Pourquoi a-t-il fallu que l'équipe intervienne? Parce qu'ils ont un moyen de pression que les autres étudiants n'ont pas: le manque à gagner si un match n'a pas lieu est très important pour l'école, explique la journaliste de Slate.com Jessica Huseman:

«Dans des universités comme Mizzou, où le football joue un rôle énorme dans la vie du campus et contribue énormément à remplir les coffres de la fac, il y a une différence d'importance entre les étudiants sportifs et ceux qui paient leurs frais de scolarité. L'action des joueurs de football noirs –qui ont affirmé qu'ils ne joueraient pas jusqu'à la démission de Wolfe– est louable.

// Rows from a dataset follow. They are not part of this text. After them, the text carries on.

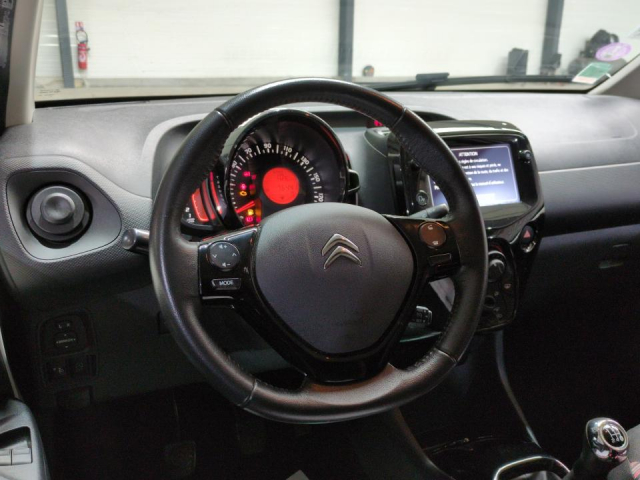 CITROEN C1 VTI 72 S&S BVM5 SHINE - 4 PLACES / 4 PORTES + HAYON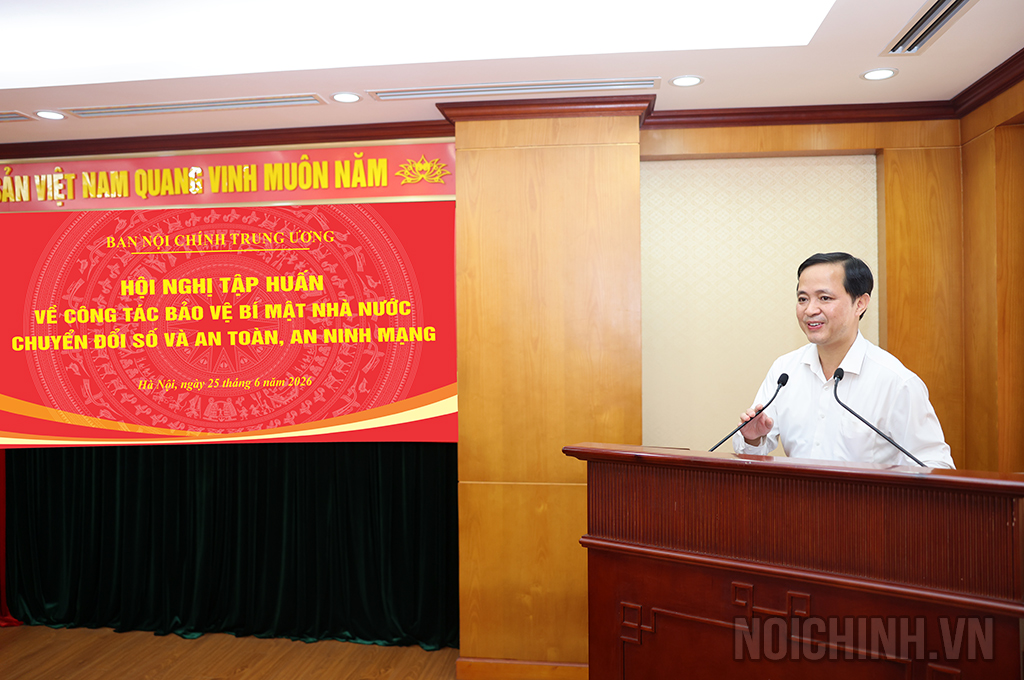 Đồng chí Nguyễn Xuân Trường, Phó Trưởng Ban, Trưởng Ban Chỉ đạo chuyển đổi số cơ quan Ban Nội chính Trung ương phát biểu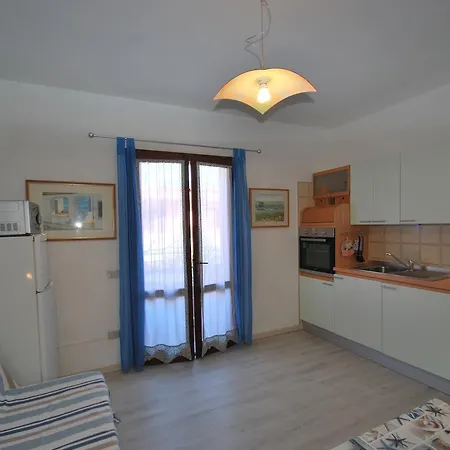 Appartamento Arancio - Terrazza, Clima E Posto Auto Marina di Campo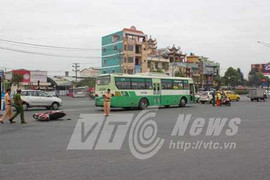 Cố vượt đèn vàng, xe buýt hất văng xe máy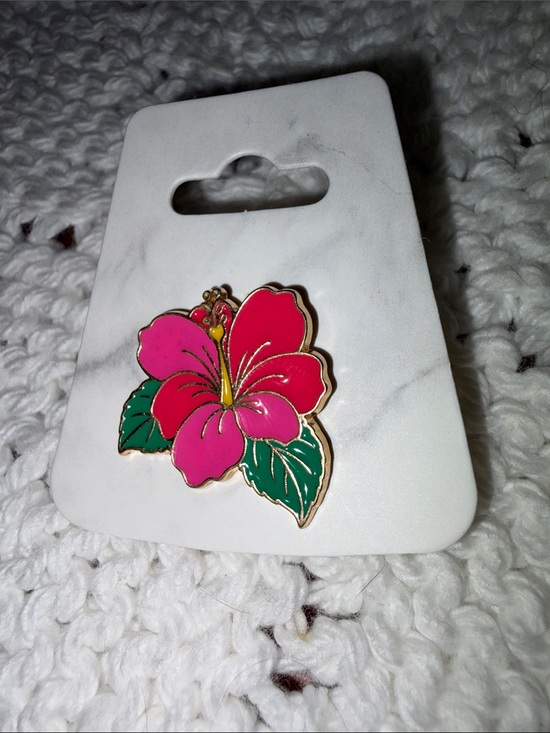 Jewelry - Pink Hibiscus Flower Enamel Pin NWT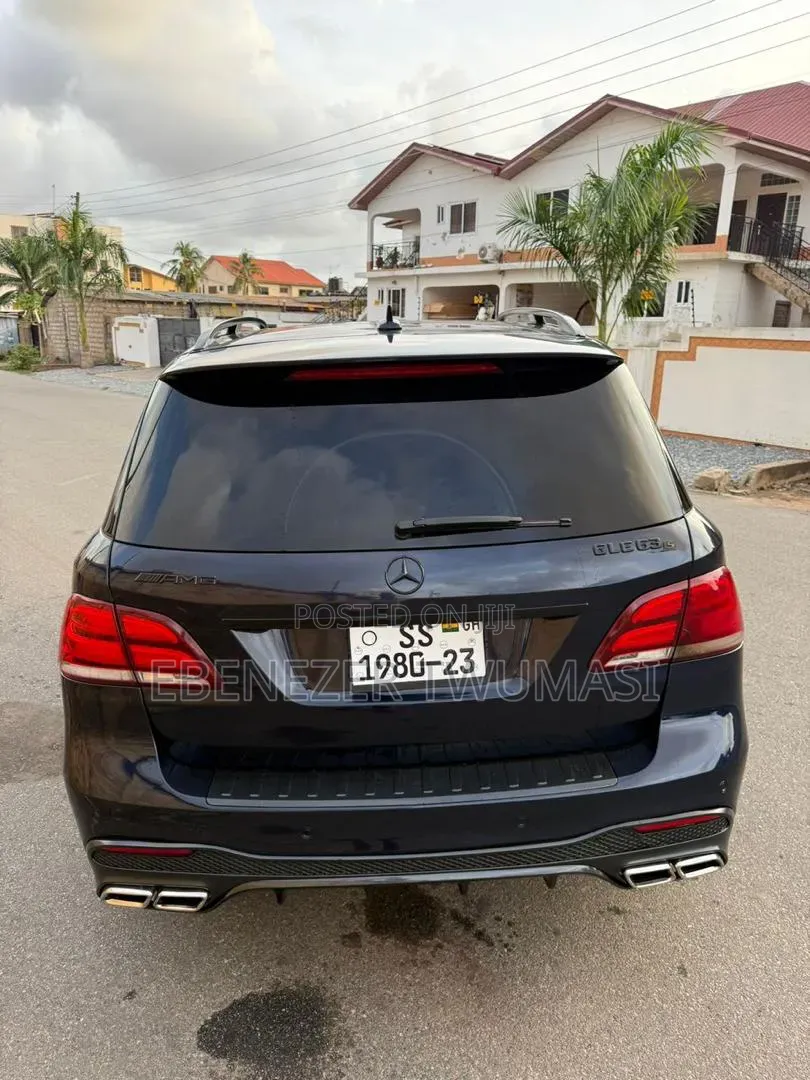 Mercedes-Benz GLE-Class 2016 Blue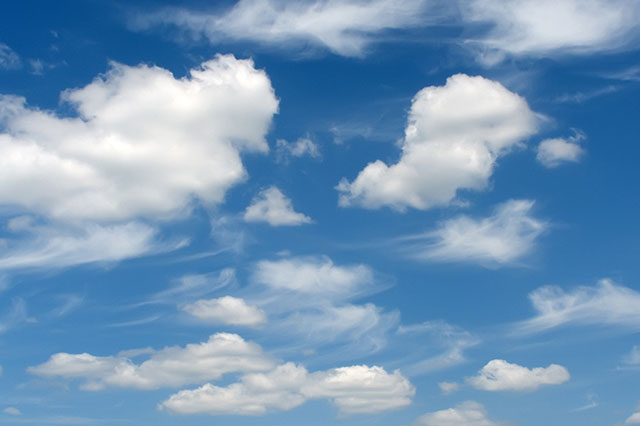 Foto von einem blauen Himmel mit weißen Wolken.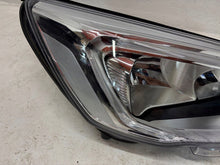 Laden Sie das Bild in den Galerie-Viewer, Frontscheinwerfer Ford Focus JX7B-13W029-AE Rechts Scheinwerfer Headlight SCH5722831013yr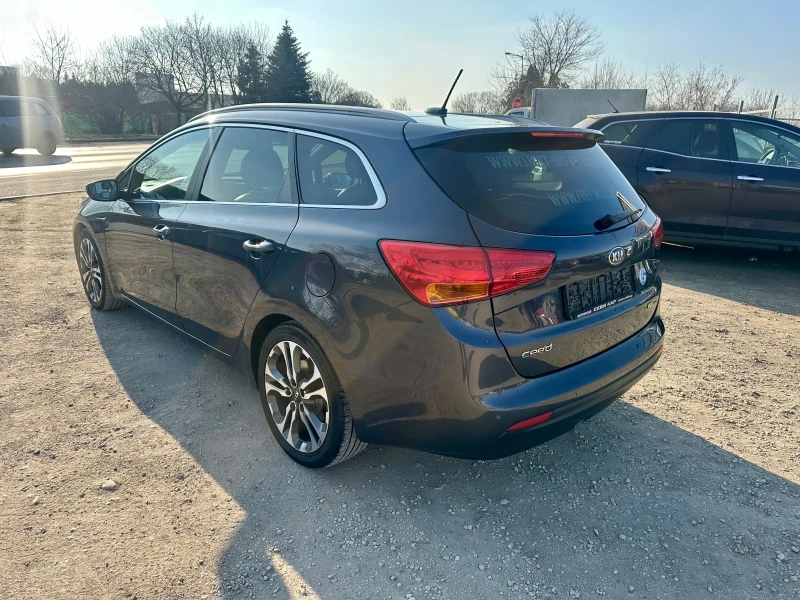 Kia Ceed 1.6crdi!Led!Xenon!Navigation!Keyless Go! , снимка 5 - Автомобили и джипове - 49362605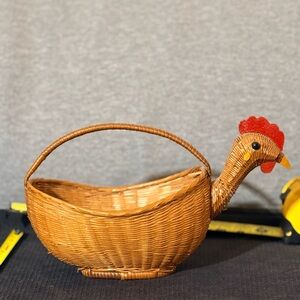 Wicker Chicken Shaped Fresh Egg Storage Basket with Handle, Brown,Med 13" x 8"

Mais elle n'aurait pas dû être nécessaire.»

Des millions de dollars en jeu

«Les contrats pour les matchs universitaires décisifs s'élèvent à des milliards, les salaires de certains coachs à des millions... Tout cela n'arrive pas sans que des jeunes gens entrent sur le terrain pour jouer»souligne The Nation. Et un contrat entre l'université du Missouri et une autre université prévoit une amende de un million de dollars si une rencontre est annulée, sans compter les pertes liées aux droits de diffusion du match à la télévision et aux éventuels sponsors, note encore le Washington Post.

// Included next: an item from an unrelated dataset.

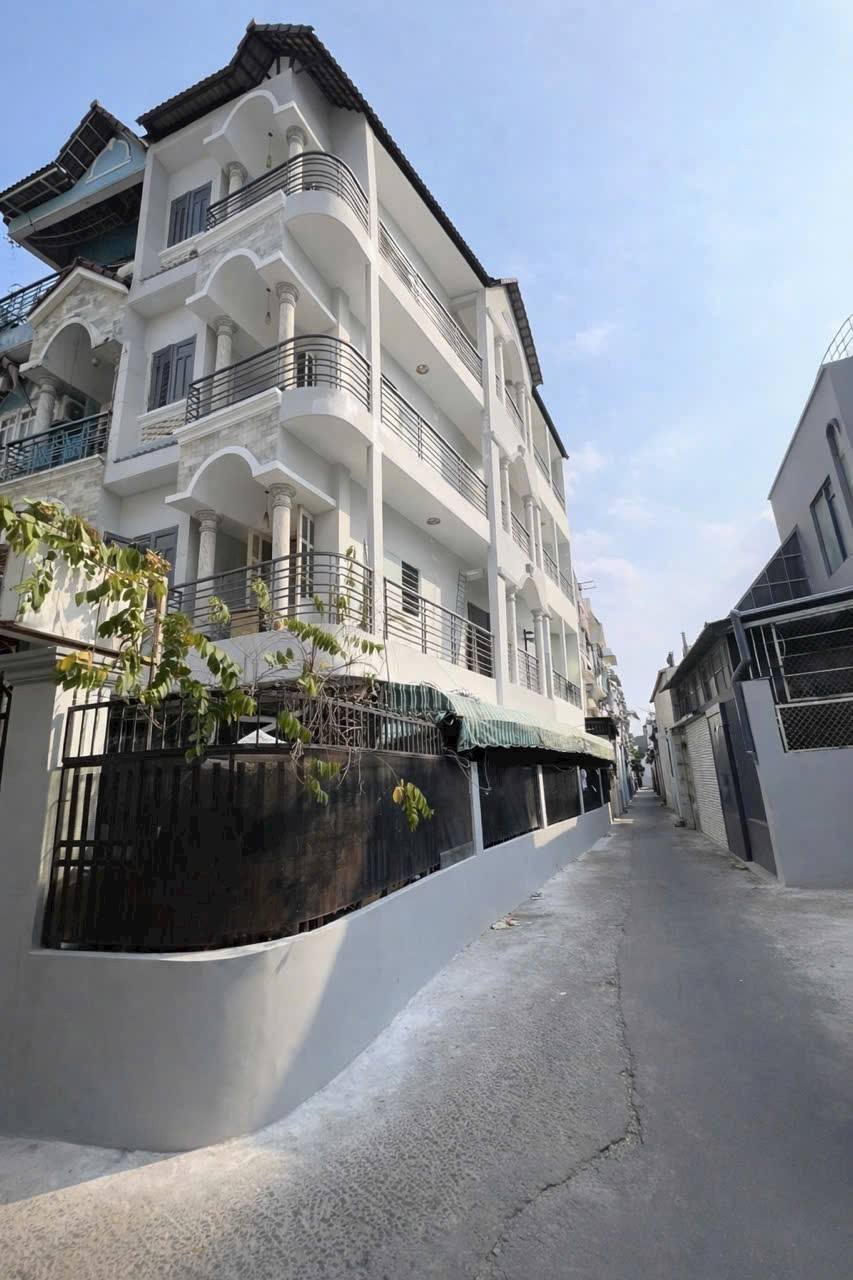 623761564_1318304423537867_6017925550534370410_n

«Ce n'est que le début», lance le journaliste Jamelle Bouie. Cette décision donnera des idées à d'autres équipes

Le 11 novembre, deux jours après la démission de Tim Wolfe, l'équipe de football a bien confirmé qu'elle jouerait le match prévu ce samedi 14 face à la Brigham Young University (Utah).

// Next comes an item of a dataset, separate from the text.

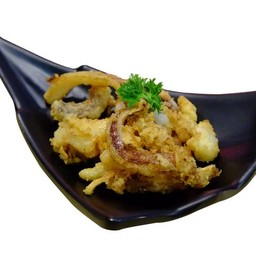 หนวดปลาหมึกชุบแป้งทอด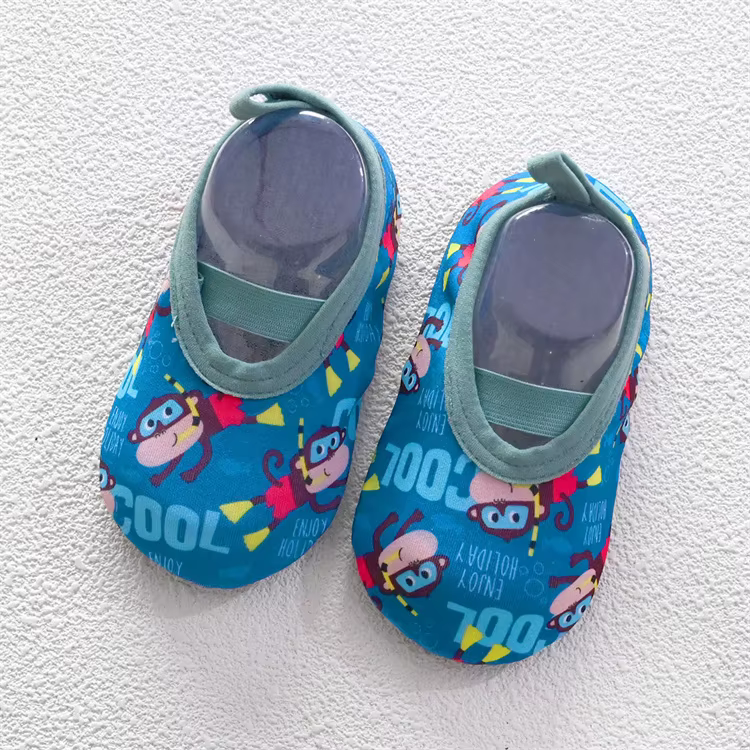 Zapatillas infantiles para deportes acuáticos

Les joueurs des Tigers ont-ils ainsi trouvé comment faire reculer le racisme? «Ce n'est que le début», lance Jamelle Bouie, journaliste de Slate.com qui a couvert les révoltes à Ferguson (dont certains joueurs de «Mizzou» sont originaires). Cela ne fait aucun doute selon lui, cette décision donnera des idées à d'autres équipes. 

 

Il y avait eu des précédents, rappelle le site Vocativ: des étudiants noirs ont déjà fait passer des messages pendant les matchs. En 1969, quatorze joueurs de l'équipe de football de l'université du Wyoming voulaient porter des brassards pour protester contre l'exclusion des prêtres afro-américains de l'église mormonne. Ils ont été exclus et l'université a fait une désastreuse saison l'année suivante. Mais l'église mormonne n'avait admis les prêtres noirs que dix ans après. 

La démission de Tim Wolfe a pris deux jours. Il y a beaucoup d'argent en jeu aujourd'hui.